In an exciting development, Stable Diffusion has announced that its generative art is now animatable. Stability AI, the developer behind this innovation, has officially released a new product called Stable Video Diffusion into a research preview. This release enables users to transform a single image into a video, marking a significant advancement in the field of generative AI video modeling.
The Stable Video Diffusion tool consists of two image-to-video models, each capable of generating videos ranging from 14 to 25 frames in length. These models function at speeds of 3 to 30 frames per second, offering a high-quality output at a resolution of 576 x 1024. Additionally, the tool is capable of multi-view synthesis from a single frame, with fine-tuning on multi-view datasets. During external evaluation, these models were found to surpass leading closed models in user preference studies, positioning Stable Video Diffusion as a groundbreaking addition to the realm of generative AI.
To showcase the capabilities of Stable Video Diffusion, Stability AI has provided a research preview, allowing researchers and developers to explore the potential applications in various sectors. While the company has emphasized that Stable Video Diffusion is currently available exclusively for research purposes, the public can sign up to be placed on a waitlist for access to an upcoming web interface. This interface is expected to feature a text-to-video application, which will demonstrate the tool’s versatility in industries such as advertising, education, and entertainment.
As seen in the video above, the results generated by Stable Video Diffusion appear to be of high quality when compared to other generative systems. However, the tool does have some limitations. It can generate relatively short videos (less than 4 seconds) and lacks perfect photorealism. Additionally, it is unable to facilitate camera motion, except for slow pans, and it does not offer text control. Furthermore, it may struggle to generate legible text and faces, highlighting areas where further improvement is needed.
The development of Stable Video Diffusion involved training the tool on a large dataset of millions of videos, followed by fine-tuning on a smaller set. While Stability AI has not disclosed the specific origin of the dataset, it has emphasized that the video content used for training was publicly available for research purposes. Notably, this focus on data sources has come to the forefront, as Stability AI was recently sued by Getty Images for allegedly scraping its image archives.
Despite the promising potential of generative AI in creating content, it also raises concerns regarding deepfakes, copyright violations, and other forms of misuse. Stability AI, in particular, has faced challenges in commercializing its products and has been the subject of financial scrutiny. The company’s efforts to enter the video-generating space have been fraught with difficulties, with a notable resignation and ongoing legal disputes over copyright use. This underscores the complexities and ethical considerations involved in the development and application of generative AI technology.

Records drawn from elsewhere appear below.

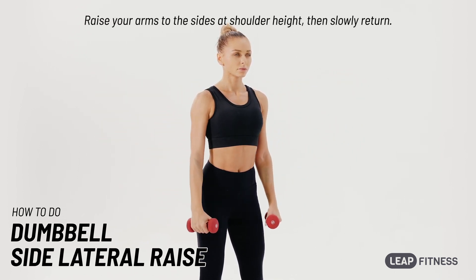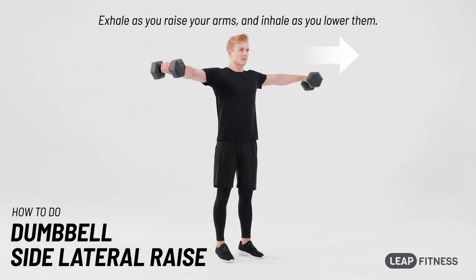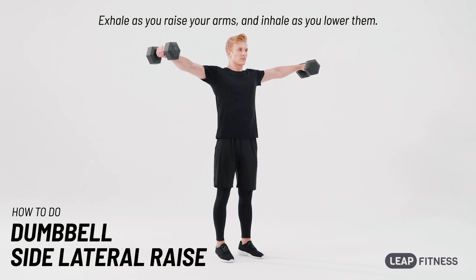Raise your arms to the sides at shoulder height, then slowly return. Exhale as you raise your arms, and inhale as you lower them.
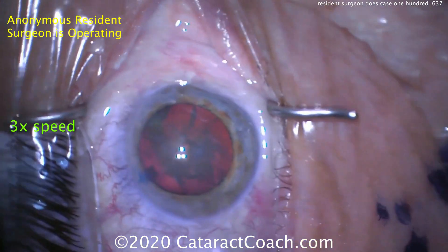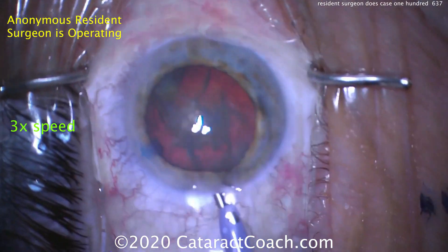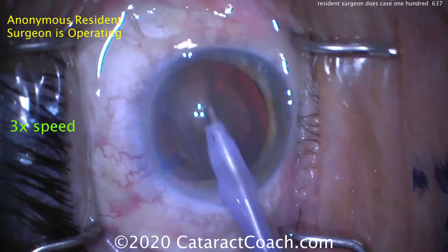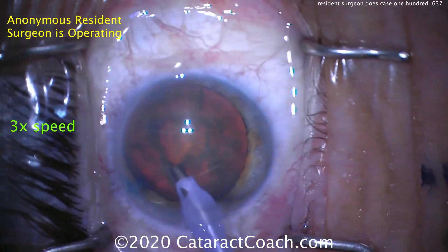Let's see the technique of nucleus division. Here comes the phaco tip with a purple sleeve — so a 2.8 millimeter, 2.75 millimeter incision. And cleaning up some of the anterior cortical material. So far so good.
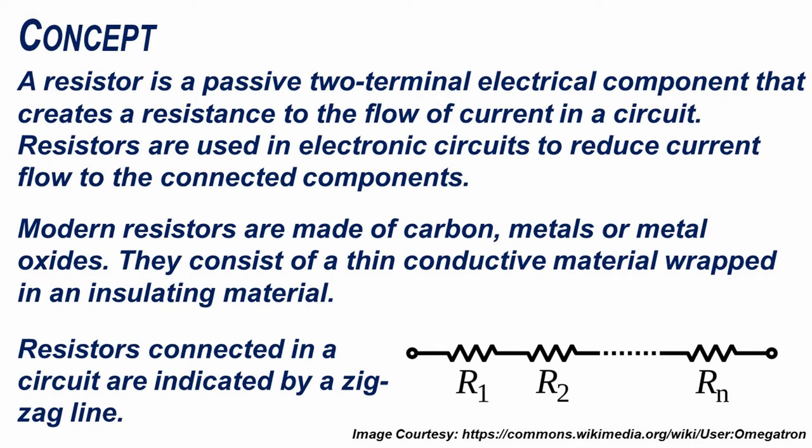A resistor is a passive two-terminal electrical component that creates a resistance to the flow of current in a circuit. Resistors are used in electronic circuits to reduce current flow to the connected components. Modern resistors are made of carbon, metals, or metal oxides. They consist of a thin conductive material wrapped in an insulating material.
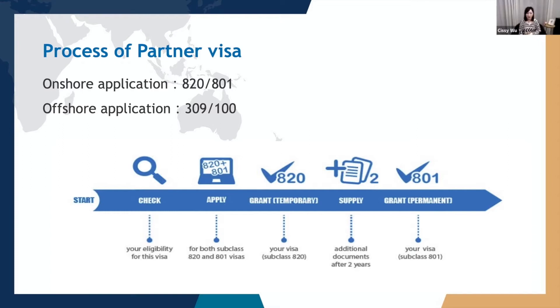Whether to launch the onshore or offshore application really depends on your personal circumstances. For example, if your sponsor has settled in Australia for many years and has a stable job here, and you decide to reunite and come to Australia to study or work together, then the onshore partner visa, the 820, is your best choice. If your sponsor and you plan to do business and reside overseas for about one to two years, then you may apply for the offshore visa.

In conclusion, Stable Video Diffusion represents a significant milestone in the evolution of generative AI, offering a glimpse into the future of content creation and manipulation. While its capabilities and limitations are evident, the tool has opened doors to new possibilities in various industries. As researchers and developers await access to the full potential of Stable Video Diffusion, it remains critical to address the ethical, legal, and commercial challenges associated with the advancement of generative AI.